Terebi

Easier and more secure to just TOTP. Just add it to your 2 factor app of choice and you are done. This of course only protects the login page from remote users. Anyone with physical access has the keys to the kingdom. And if there is a vulnerability in the web UI that could bypass any security implemented. A simple implementation of this could be implemented in an hour or two probably. Just a screen for the setup, and some setting on the USB for the time seed.

The instructions to get to the FTP including hostname, username, and password, would need to be on the USB for that to work. So anyone who has your USB can also go do those things, unless there are firewalls in the way of the FTP Depending on who you are worried about, where that FTP is, how it itself is protected, that again may reduce effective security to zero.

Comment necromancy, but TVs are an easy to point to example. Lots of TVs only include 100megabit ethernet connections, which cannot support 4k remuxes etc, so you have to fall back to wireless!

"secure" and "automatic" are mutually exclusive unless you don't care about wide swaths of "secure" to the point that you shouldn't bother. Disk encryption protects against someone having physical access to your disks. In order to automatically decrypt the disks, the encryption key would need to be on your USB, or somewhere your USB can access. Anyone who has access to your disks also has access to your USB. Therefore the encryption is providing little to no value. There are some scripts that can improve this situation, by downloading the key at boot, but that means the key is sitting somewhere to be downloaded from. Depending on where that location is, and what kind of threat you are protecting against it may reduce effective security down to zeroish.

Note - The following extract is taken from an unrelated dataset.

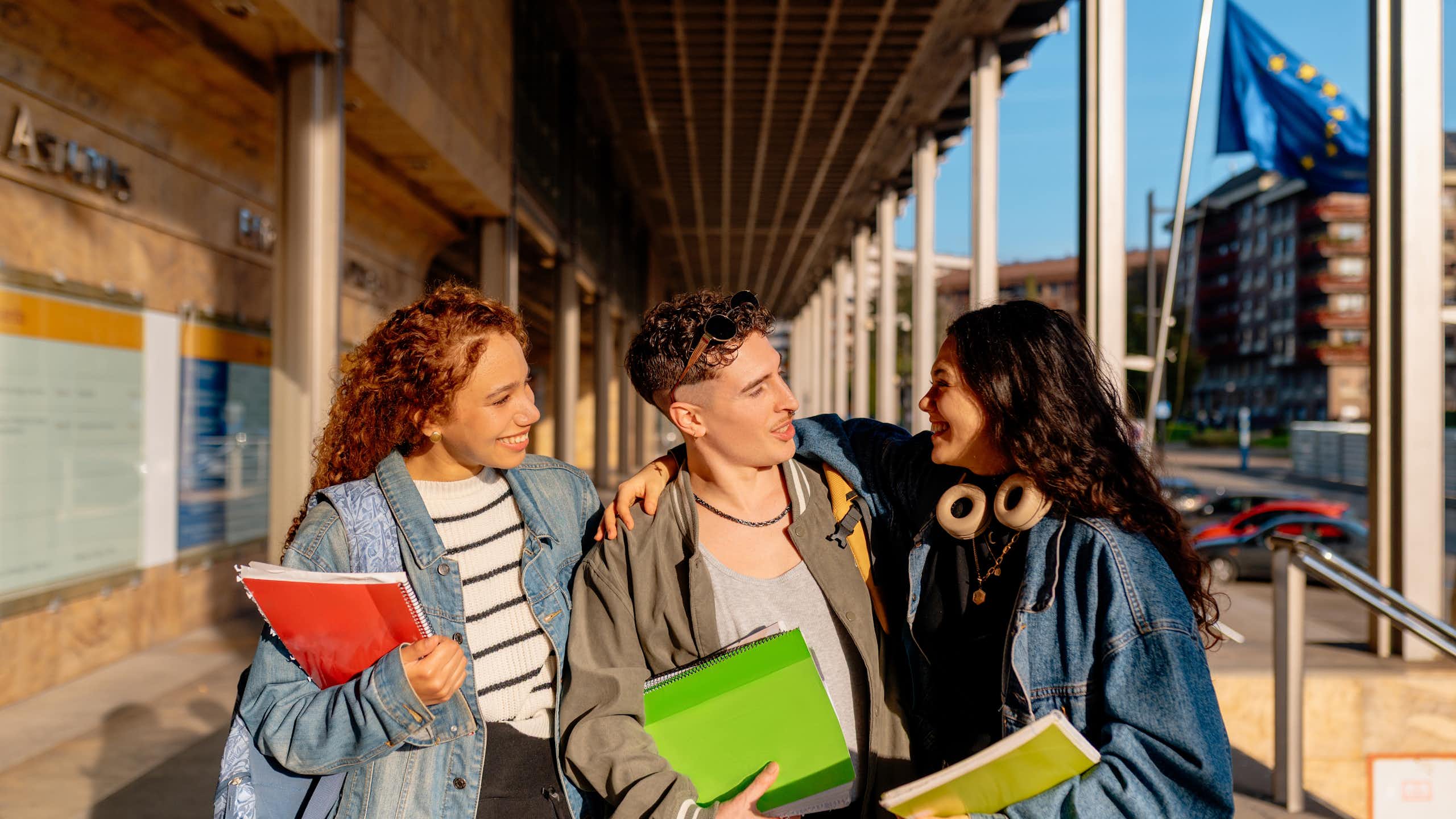Three university students walking and chatting outdoors, an EU flag is seen in the background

Security is not really unraids strong suit, almost everything in the system is running as root. The text file will go where ever the output directory is set in the script. You just have to point mover tuners ignore file to the same file/path

My script itself is safe to run if something is seeding. But the regular problems the mover has if something is seeding are still applicable. My script helps with this problem, because it will tend to extend how long a file lives on the cache, which will reduce the frequency of a torrent being actively seeded by the time the files get moved to array. The biggest problem is if you have the torrents hardlinked (from radarr/sonarr), because if that file is one that should be moved based on time/threshhold the "plex" copy will be able to be moved, but the torrent copy might not move it the file is in use. That will break the hardlink and cause space duplication. If you aren't using hardlinks, then it probalby doesn't matter, because if the torrent fails to move it will just retry it the next day. Because of this, its probably safest to continue to pause/resume torrents as part of the mover process, even though it may work ok 9/10 times. You may need to modify my script to add in the code to pause torrents, because I think the tuner setting used to enable my script is the same setting used to pause torrents.

The binhex apps run arch, and do not have SSH running, so are not exploitable even if you have the bad versions. . Just wait for the next version of the binhex images to come out.

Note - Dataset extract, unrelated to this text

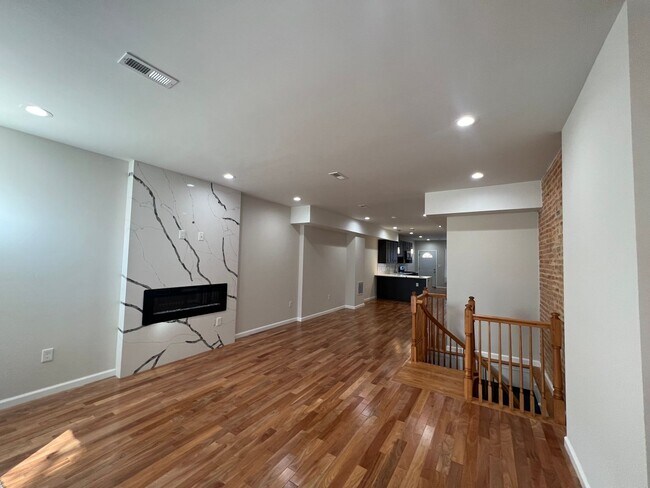 Building Photo - East District 3 BR/3.5 BA End Row Home w-Private Parking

Even given 2fa you should probably still use VPN. The risk of someone brute forcing your u/p is probably not as big of a concern as some unknown vulnerability that just bypasses login all together.

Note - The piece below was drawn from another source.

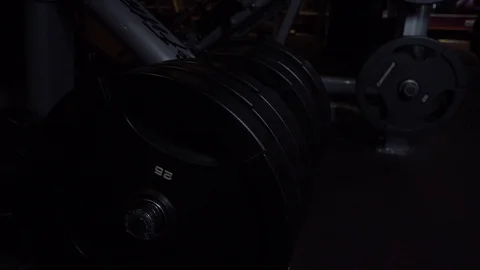 Plates of weight in gym Stock Footage 118857010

Adding the parity drive first will be faster. If you add parity second, it will have to read all of the new drives to calculate its parity. If you add the drives second, they can be individually zeroed without affecting parity.

The file will get recreated from scratch every time mover runs, so you can't really edit it to control what happens. In the first post I give a command that lets you manually move a file/directory immediately. It doesn't "delete" oldest files really, because it recreates the file from scratch every time. But that is the effect. Files will be added newest to oldest until the size is reached, and then the oldest files won't be added to the file again. Then the mover will run, and since those oldest files aren't listed, they will be moved.

Yeah, the purpose of the script is so you can ignore this and it self manages based on time. But I admit I do manually move things off of cache that I know won't get watched soon/frequently to make room for other things to stay on cache longer

You don't need to recreate the file. In notepad++ you can see the line endings (see the LFs in my file) You can then convert using notepad++ too in the edit menu.

It looks like you saved the file with Windows line endings. (\n\r). It needs to have linux endings (\n). Some more advanced text editors (notepad++) can convert line endings for you. Or there are various linux command lines you could google to do the replacements.

You do not need an end slash in the output dir. You can see in the next line (output file) that a slash is added there between the directory and filename. The file should be created every time mover runs. Otherwise the mover would move anything not listed in the file. You can run the moverignore script manually to make sure the file gets generated by going into the directory in a shell in the sh file is in, then running "bash moverignore.sh" . If you still have the movertuning threshholds in place for size and age, then mover may not be running at all, which would mean my script would also not run.

you can run the moverignore script manually before the mover runs, to generate the file and make sure it appears as you expect. Instructions for doing so are in the first post.